Nun zu der geplanten internationalen Frauenkonferenz. Liebe Freundin, diese Tagung kann nicht so rasch stattfinden, als wir alle wünschen. Sie muss sehr gut vorbereitet werden, und das kostet viel Zeit und Arbeit. Sie müssen bedenken, dass die internationale Verbindung zwischen den Frauen sehr gelockert ist und dass dem Verkehr noch immer große Schwierigkeiten entgegenstehen. Ich habe bereits Fühler ausgestreckt in Österreich, der Tschechoslowakei, Frankreich, England und natürlich Deutschland. Ohne die Reise nach Tours wäre ich auch in Vorbesprechung mit Genossinnen der übrigen Länder. Ich werde sie nun beginnen. Bis jetzt weiß ich noch nicht, wie zu dem Plane sich die Genossinnen der Länder stellen, an die ich geschrieben habe.
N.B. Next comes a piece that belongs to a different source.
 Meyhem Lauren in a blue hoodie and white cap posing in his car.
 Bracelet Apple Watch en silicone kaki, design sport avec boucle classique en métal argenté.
Für Frankreich wollte Genossin R. die ersten einleitenden Schritte tun. Ich erwarte, demnächst auf der Durchreise nach M. mit ihr zusammenzukommen.
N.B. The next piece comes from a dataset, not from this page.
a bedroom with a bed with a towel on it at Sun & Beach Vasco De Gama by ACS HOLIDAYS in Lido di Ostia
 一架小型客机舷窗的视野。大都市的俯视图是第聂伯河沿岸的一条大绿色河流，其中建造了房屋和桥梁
Unterdessen habe ich mir den Plan der Vorbereitung und Durchführung der Konferenz überlegt, und er hat greifbare Formen angenommen. Es handelt sich darum, zuerst in den einzelnen Ländern ein Frauenkomitee zusammenzubringen, das die Vorarbeiten in die Hand nimmt und die Agitation für die Konferenz betreibt. In diesem Komitee müssen geschulte und energische Kommunistinnen die Führung haben, aber ich halte es für nützlich, wenn auch die eine oder andere Vertreterin berufstätiger Frauen etc. darin sitzt. Die Marschroute dieser nationalen Vertretungskomitees muss durch unsere Einladung und die Tagesordnung gegeben sein. Die Konferenz soll allen Frauen offen stehen, die der Überzeugung sind: 1. dass die volle soziale und menschliche Befreiung des weiblichen Geschlechts eine von Grund aus umgestaltete Gesellschaftsordnung zur Voraussetzung hat; 2. dass eine solche Gesellschaftsordnung nicht ohne die bewusste und aktivste Mitwirkung der Frauen aufgebaut werden kann.
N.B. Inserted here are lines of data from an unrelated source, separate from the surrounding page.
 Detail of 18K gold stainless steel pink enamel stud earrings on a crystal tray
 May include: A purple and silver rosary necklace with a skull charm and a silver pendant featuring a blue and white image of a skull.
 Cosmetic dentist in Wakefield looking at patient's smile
Die Einladung zu der Konferenz muss ausgehen von einem internationalen Frauenkomitee, dem führende Genossinnen aus verschiedenen Ländern angehören, die als Vorkämpferinnen für die Befreiung der Frauen bekannt sind. Das internationale Komitee wird in der Hauptsache aus Kommunistinnen bestehen, doch meine ich, auch da brauchen sie die Zugehörigkeit der einen oder anderen Parteilosen nicht zu fürchten, so zum Beispiel einer Genossenschafterin, einer Ärztin, einer Pädagogin von Ruf. Ich hoffe, einige angesehene Spezialistinnen aus England, Amerika, Italien, zunächst wahrscheinlich auch aus Deutschland, zu bekommen, aus Russland können Sie selbstverständlich erst recht dem Komitee einige solche Kämpferinnen stellen. Ich bin mir noch nicht einig, ob das internationale Komitee die Einladung zur Konferenz erst verschickt, nachdem sich in den einzelnen Ländern schon die vorbereitenden Ausschüsse gebildet haben, so dass es gleich diese Tatsache und die Adresse der Vorsitzenden bzw. Schriftführerin mitteilt, oder schon ehe sich diese nationalen Ausschüsse gebildet haben, so dass erst zu deren Einsetzung in Verbindung mit der Vertreterin des Landes aufgefordert wird, die dem internationalen Komitee angehört. Kürzer ist der zweite Weg, sicherer der erste. Was meinen Sie?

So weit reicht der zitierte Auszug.